A California man whose home was destroyed by a mill fire is suing Roseburg Forest Products Co., claiming it failed to install a functioning sprinkler system that could have prevented the disaster –and two people from being killed. Robert Davies filed the lawsuit in October 2022 in San Francisco Superior Court. The Sacremento Bee reported that Cal Fire investigators are focusing on an old warehouse , called Shed 17, where the fire appears to have started. Roseburg has acknowledged storing hot ash — the residue from the company’s nearby wood-burning electricity plant — in a concrete bunker inside the building. The lawsuit refers to Shed 17 as “a ticking time bomb” and claimed the ash had started fires “on a frequent basis — with the exact number of these internally-combated ‘near miss’ catastrophes unknown to the public because no formal reports to administrative agencies were generated by Roseburg managers.”

In August 2022, the daughter of an elderly man killed when the McKinney Fire swept through a remote town filed a lawsuit against the public utility PacificCorp. A group of residents and business owners later filed a separate but similar lawsuit against PacificCorp, also blaming the utility's equipment for sparking the fire.

Three other people were killed, 185 structures were destroyed and nearly 94 square miles (243 square km) of forest was scorched. According to the Associated Press, the lawsuits claim the McKinney Fire started when PacifiCorp's "utility infrastructure contacted, or caused sparks to contact, vegetation surrounding the equipment" on July 29 in Siskyou County near the Oregon border. The lawsuit states that “The McKinney Fire was avoidable had PacifiCorp complied with the standard of care in inspecting, repairing, and maintaining its electrical equipment, trimming away vegetation within the electrical equipment's surrounding environment as required by law.”

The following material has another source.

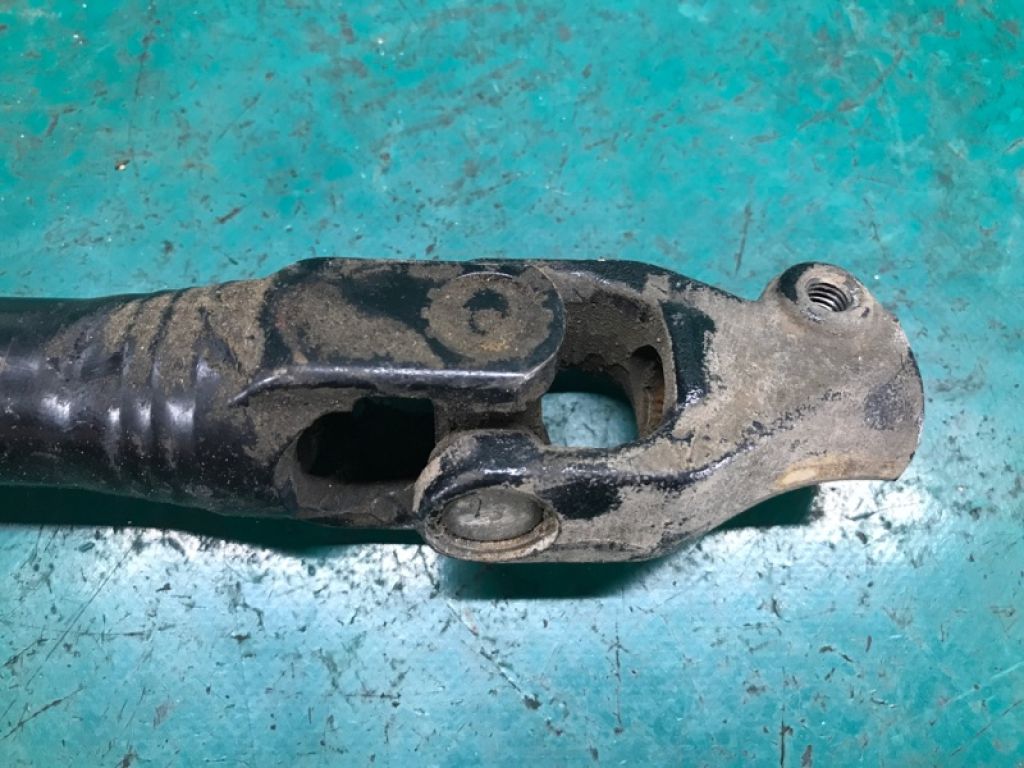 Рульовий карданчик TOYOTA CAMRY 50 12-15 - Фото 2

Five days after the fire started, PacifiCorp filed paperwork with the California Public Utilities Commission indicating there was an event related to its electrical equipment at about the time flames broke out. The company made the filing “out of an abundance of caution,” according CPUC records.

AP wrote that scientists have said climate change has made the West warmer and drier over the last three decades and will continue to make weather more extreme and wildfires more frequent and destructive. Across the American West, a 22-year megadrought deepened so much in 2021 that the region is now in the driest spell in at least 1,200 years.


If you carry fire insurance, you believe you’re covered in the event of such a scenario. But not all insurance companies are created equally. Too many wildfire lawsuits claim that insurance providers refuse to compensate you for fire damages or pays less than their policy dictates. Say your insurance company does not properly investigate the cause of the fire or gives a misleading report.  A poor investigation could be chalked up to laziness, to save themselves money, or it could be intentional to deny your claim. If you believe that your claim has been wrongfully denied, an experienced wildfire attorney can help. Fire damage attorneys are experienced with the legalities of claim denials and they will examine in minute detail your policy and deal with the insurance company on your behalf. Even in cases where the fire was caused by something not necessarily covered in your policy, a fire lawyer can be very helpful.